Peut-être me trouvera-t-on trop sévère ; peut-être le suis-je en effet, peut-être la science trouve-t-elle dans la critique de l’empirisme un point d’appui nécessaire ; peut-être ces débats incohérents ont-ils leur raison d’être et leur utilité. Je ne sais. Toujours est-il qu’il me serait bien difficile de ne pas me réjouir quand la méthode reprend ses droits, et quand je vois un rayon de la science percer avant de les dissiper les nuages de l’empirisme. C’est surtout à ce titre que je louerai le livre De la propriété intellectuelle de MM. Frédéric Passy, Victor Modeste et P. Paillottet.

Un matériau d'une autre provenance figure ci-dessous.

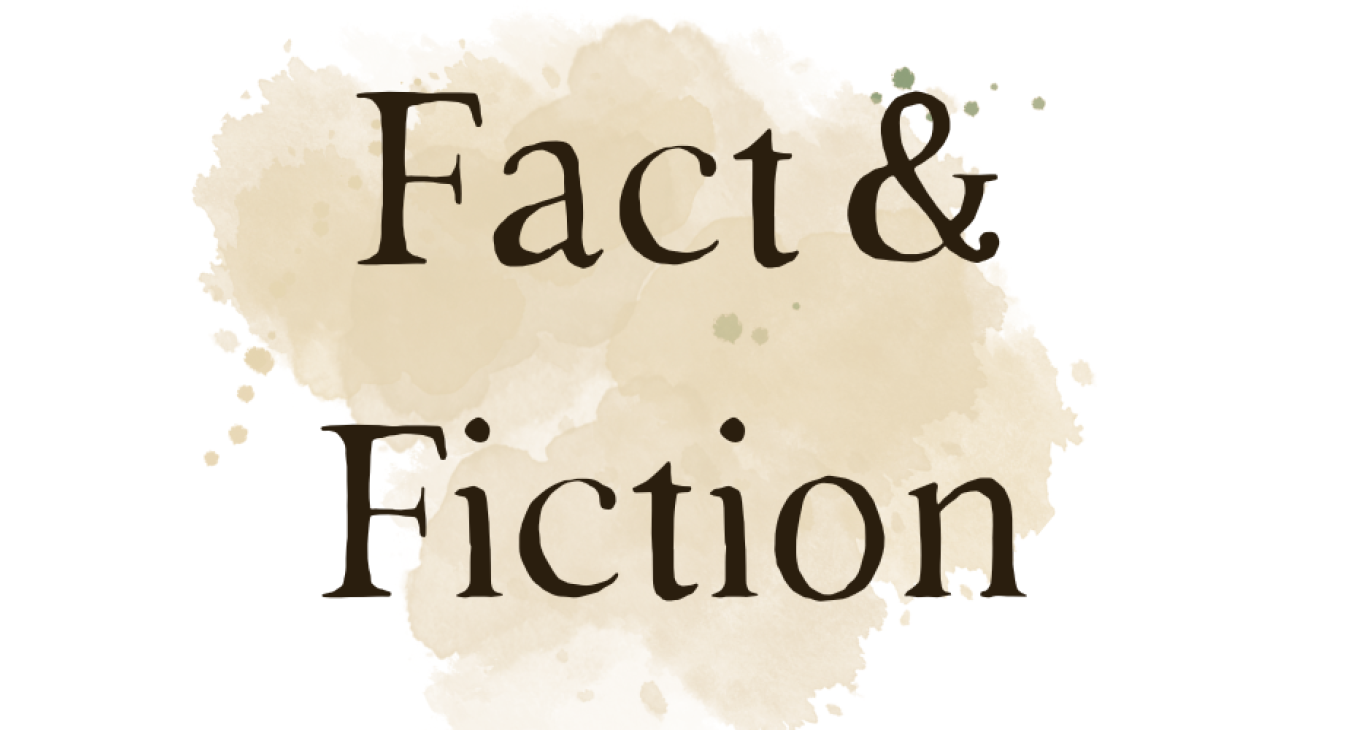 Finding Penrose fact and fiction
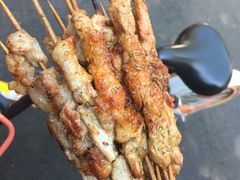 -同来顺烧烤餐厅(哈尔滨道店)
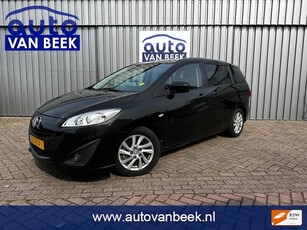 Mazda 5 1.6 CiTD Business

Presque toutes les grandes questions économiques ont eu à subir les traverses que j’ai dépeintes, et non-seulement celles à l’élaboration desquelles devaient concourir simultanément l’économie politique proprement dite et la morale, mais celles aussi qui, complétement indépendantes du droit naturel, ne ressortaient que de la science de l’échange. C’est dire assez que la question de la propriété intellectuelle n’y a point échappé. Que dis-je ! elle est une de celles qui se sont le plus rapidement déplacées, une de celles où le sentiment s’est le plus tôt introduit pour en chasser la raison.

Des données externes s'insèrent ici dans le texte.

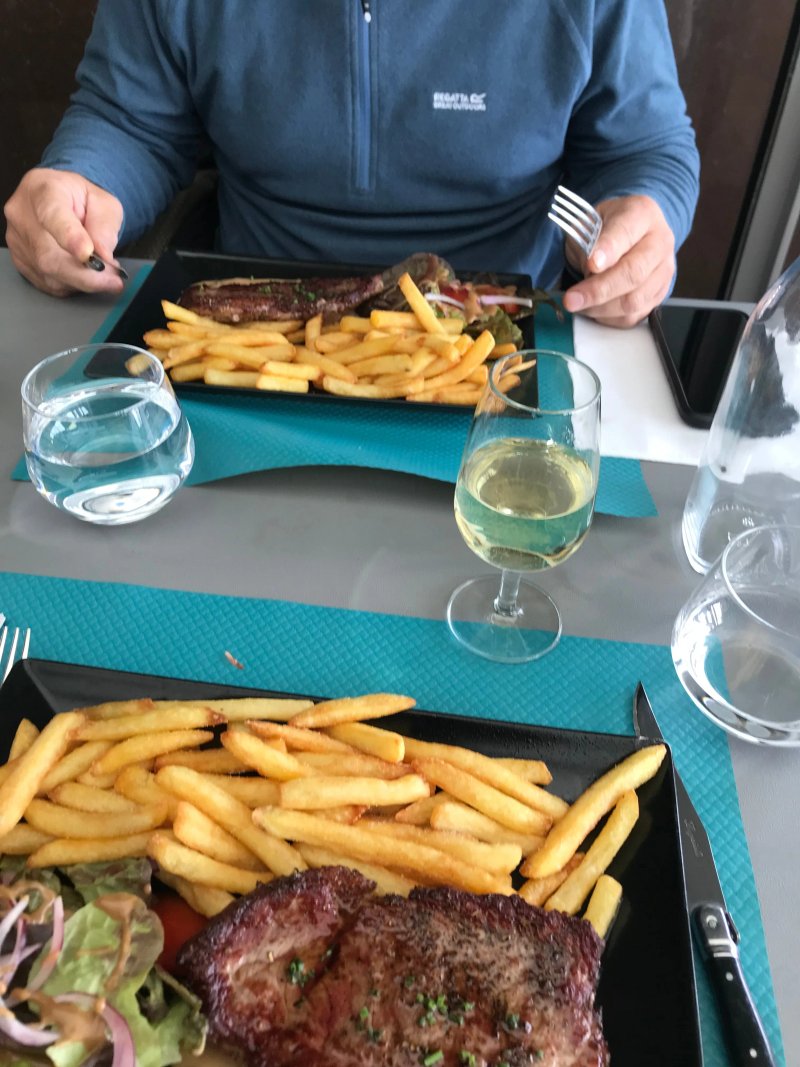 Creperie O'Beurre Sale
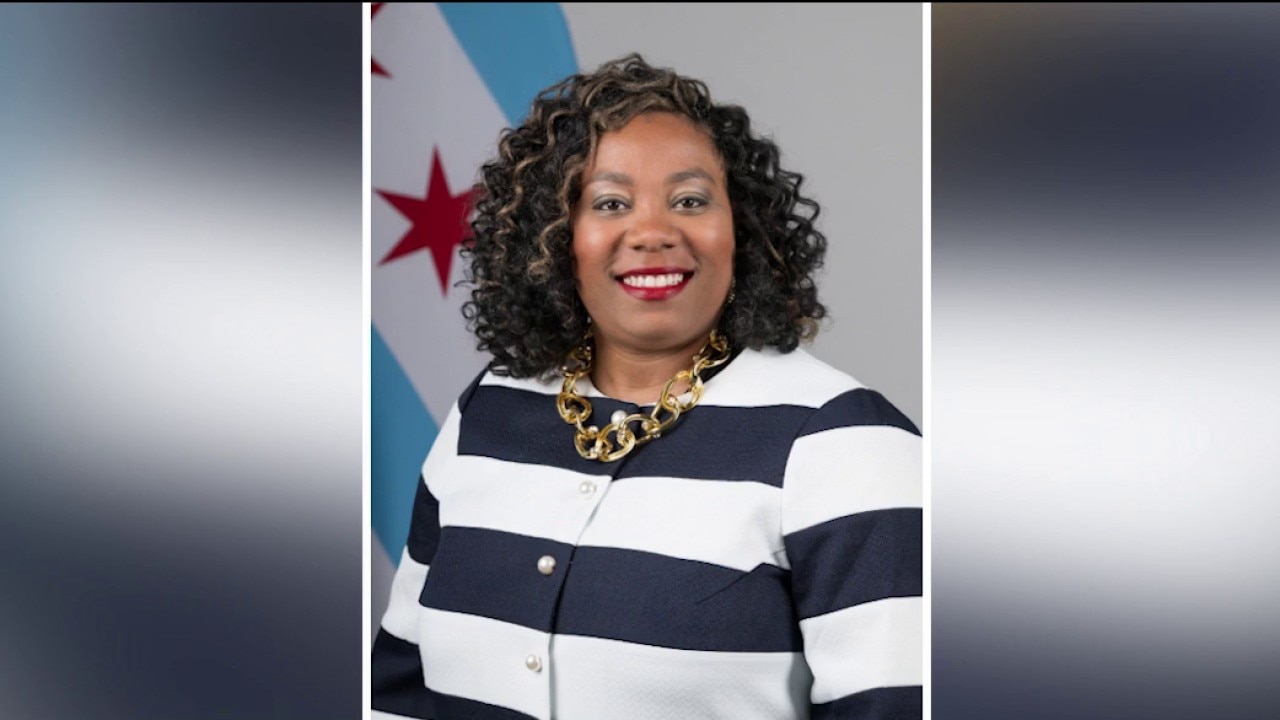Chicago mayor's budget director stepping down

Après les tentatives infructueuses de 1826 et 1836, après la discussion de 1839 à la chambre des pairs, la question de la propriété littéraire se pose un peu plus nettement en 1841. On propose une loi qui étendrait le droit de propriété de l’auteur, après sa mort, de vingt à trente ans. — « Je me demande, dit un publiciste, quel est le but du législateur ? Son but, c’est évidemment de consacrer la profession d’homme de lettres, considérer comme métier, comme moyen de gagner de l’argent[1]. » Aussitôt il recherche s’il est dans l’intérêt public que la littérature devienne un procédé industriel ; s’il est bon qu’il y ait dans la société beaucoup d’hommes faisant des livres pour s’enrichir ou même pour vivre, etc., etc. Celui-là s’élançant, tous le suivent. On sauterait à la douzaine, dit Figaro. Tout le monde s’efforce à l’envi de montrer uniquement que la profession d’écrivain doit être exercée non comme un métier mais comme un sacerdoce. De tous les arguments invoqués contre la propriété littéraire, celui-là fut le meilleur et le plus détestable, le plus détestable parce qu’il s’éloignait le plus audacieusement de la question, le meilleur parce qu’à cause de cela même il a le mieux réussi.

Qu’il soit à désirer que la littérature ne devienne point un procédé industriel, j’en tombe d’accord. Mais j’ai beau faire, je ne puis voir qu’une question de morale privée tout à fait spéciale, fort bien définie, et très-indépendante surtout de l’économie politique. Tel ou tel écrivain s’est-il donné pour but d’éclairer les hommes ou de s’enrichir ? C’est ce

  1. M. Louis Blanc, Organisation du travail, p. 123.